Now the main idea is to project the graph signal into that eigenbasis, filter the projected graph signal directly in the spectral domain by doing an element-wise multiplication with the filter, and reproject it back into the spatial domain.
It’s ok not to understand all of this right here and right now. You’ll have your epiphany moment sooner or later. Here are the main spectral papers:
- Spectral Networks and Locally Connected Networks on Graphs — first introduced the concept of the convolution to graphs.
- ChebNets — One of the main problems with the above method is that it’s not localized i.e. the updated node features can be affected by any node in the graph.
The ChebNets paper made it so that only k-hop neighborhoods can impact the feature representation of any particular node and also made it computationally efficient to do so — by using a Chebyshev polynomial of the graph Laplacian there is no need to compute the Laplacian eigenbasis which is an expensive operation (~O(n³)).

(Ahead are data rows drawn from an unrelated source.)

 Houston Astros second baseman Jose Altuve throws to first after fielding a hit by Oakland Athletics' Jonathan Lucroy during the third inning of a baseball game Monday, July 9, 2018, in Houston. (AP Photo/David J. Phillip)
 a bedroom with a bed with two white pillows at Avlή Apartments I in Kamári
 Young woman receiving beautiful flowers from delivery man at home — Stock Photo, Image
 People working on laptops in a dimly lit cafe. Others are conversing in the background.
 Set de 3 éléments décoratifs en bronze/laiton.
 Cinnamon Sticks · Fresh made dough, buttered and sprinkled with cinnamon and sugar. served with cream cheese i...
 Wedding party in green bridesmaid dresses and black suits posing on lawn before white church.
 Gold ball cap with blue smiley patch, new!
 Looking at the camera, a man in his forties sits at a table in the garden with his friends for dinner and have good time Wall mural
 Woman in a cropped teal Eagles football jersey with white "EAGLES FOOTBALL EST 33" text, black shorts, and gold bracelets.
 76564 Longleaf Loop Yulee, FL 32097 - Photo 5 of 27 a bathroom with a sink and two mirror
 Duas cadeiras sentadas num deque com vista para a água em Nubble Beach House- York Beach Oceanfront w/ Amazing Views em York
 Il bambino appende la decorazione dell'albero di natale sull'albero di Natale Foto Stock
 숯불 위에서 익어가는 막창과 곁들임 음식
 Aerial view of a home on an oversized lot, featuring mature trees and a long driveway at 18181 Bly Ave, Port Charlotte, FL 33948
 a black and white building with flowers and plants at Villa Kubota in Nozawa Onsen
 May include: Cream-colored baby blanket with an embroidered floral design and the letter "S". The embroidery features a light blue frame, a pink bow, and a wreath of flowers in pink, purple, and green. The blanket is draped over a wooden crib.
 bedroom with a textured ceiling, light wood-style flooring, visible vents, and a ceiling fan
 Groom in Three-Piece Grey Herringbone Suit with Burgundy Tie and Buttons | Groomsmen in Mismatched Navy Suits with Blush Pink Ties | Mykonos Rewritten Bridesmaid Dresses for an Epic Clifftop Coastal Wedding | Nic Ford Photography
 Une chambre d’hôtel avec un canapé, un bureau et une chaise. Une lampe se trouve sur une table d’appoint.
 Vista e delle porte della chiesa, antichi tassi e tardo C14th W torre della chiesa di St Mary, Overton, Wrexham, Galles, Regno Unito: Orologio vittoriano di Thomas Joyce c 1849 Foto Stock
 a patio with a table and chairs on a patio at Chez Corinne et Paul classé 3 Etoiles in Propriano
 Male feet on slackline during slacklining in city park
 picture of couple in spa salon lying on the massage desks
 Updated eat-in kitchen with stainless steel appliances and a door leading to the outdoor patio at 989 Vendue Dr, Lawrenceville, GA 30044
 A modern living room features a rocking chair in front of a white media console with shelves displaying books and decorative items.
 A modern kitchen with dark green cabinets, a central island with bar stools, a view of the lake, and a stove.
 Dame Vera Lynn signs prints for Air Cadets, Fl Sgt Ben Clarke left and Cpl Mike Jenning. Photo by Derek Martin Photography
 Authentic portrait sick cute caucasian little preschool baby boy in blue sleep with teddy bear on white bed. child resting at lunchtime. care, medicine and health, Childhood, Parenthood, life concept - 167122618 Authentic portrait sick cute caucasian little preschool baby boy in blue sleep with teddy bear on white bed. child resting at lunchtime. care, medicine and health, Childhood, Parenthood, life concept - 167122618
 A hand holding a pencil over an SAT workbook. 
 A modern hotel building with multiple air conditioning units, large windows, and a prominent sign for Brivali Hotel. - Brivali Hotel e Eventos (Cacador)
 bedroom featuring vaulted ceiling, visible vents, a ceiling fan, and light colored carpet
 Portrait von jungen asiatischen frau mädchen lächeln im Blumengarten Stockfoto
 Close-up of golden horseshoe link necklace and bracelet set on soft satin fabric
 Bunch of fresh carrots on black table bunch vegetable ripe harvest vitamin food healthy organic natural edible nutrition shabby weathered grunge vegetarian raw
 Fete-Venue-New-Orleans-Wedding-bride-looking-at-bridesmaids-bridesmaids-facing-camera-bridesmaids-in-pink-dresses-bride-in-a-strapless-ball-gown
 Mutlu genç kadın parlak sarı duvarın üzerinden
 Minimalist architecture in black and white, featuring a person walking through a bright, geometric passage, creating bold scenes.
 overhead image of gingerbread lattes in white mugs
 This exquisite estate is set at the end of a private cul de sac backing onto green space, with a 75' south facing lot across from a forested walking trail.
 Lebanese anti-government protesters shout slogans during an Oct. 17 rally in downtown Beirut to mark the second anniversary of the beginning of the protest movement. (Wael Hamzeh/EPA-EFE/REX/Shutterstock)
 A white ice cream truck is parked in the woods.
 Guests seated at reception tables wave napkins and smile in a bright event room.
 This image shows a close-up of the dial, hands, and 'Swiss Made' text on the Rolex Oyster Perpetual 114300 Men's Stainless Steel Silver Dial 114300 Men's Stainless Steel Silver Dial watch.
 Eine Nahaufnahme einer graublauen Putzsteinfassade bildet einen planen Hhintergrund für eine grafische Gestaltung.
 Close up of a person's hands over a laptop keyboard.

Note: in spectral method papers you’ll be seeing some “heavy” mathematics which is not a prerequisite for understanding the spatial methods (and they are way more popular so don’t beat yourself down if you don’t get this the first time).
Aside from the papers here are some other super useful resources that will help you better understand these spectral methods:
- Spectral Graph Convolution Explained and Implemented Step By Step
- The Smallest Eigenvalues of a Graph Laplacian
- A tutorial on Graph Laplacians
And finally, this video made it click for me when it comes to understanding the spectral clustering method which leverages the Laplacian eigenvectors to cluster the nodes (any additional intuition you can collect will be useful).
That’s it. I’ve left out some less important papers to avoid the clutter (and btw. I’m only recommending the resources which I’ve read and found useful).
✅ Spectral methods!
Now let’s continue to the realm of spatial methods.
Spatial/Message passing methods
Here is a high-level, super informal, explanation of message passing methods.
The goal is to update each and every node’s representation. You have the feature vectors from your node and from his neighbors at disposal. You then do the following:
- You somehow transform the feature vectors (maybe a linear projection)
- You somehow aggregate them (maybe weighing them with attention coefficients, voilà, we get GAT (you see what I did there))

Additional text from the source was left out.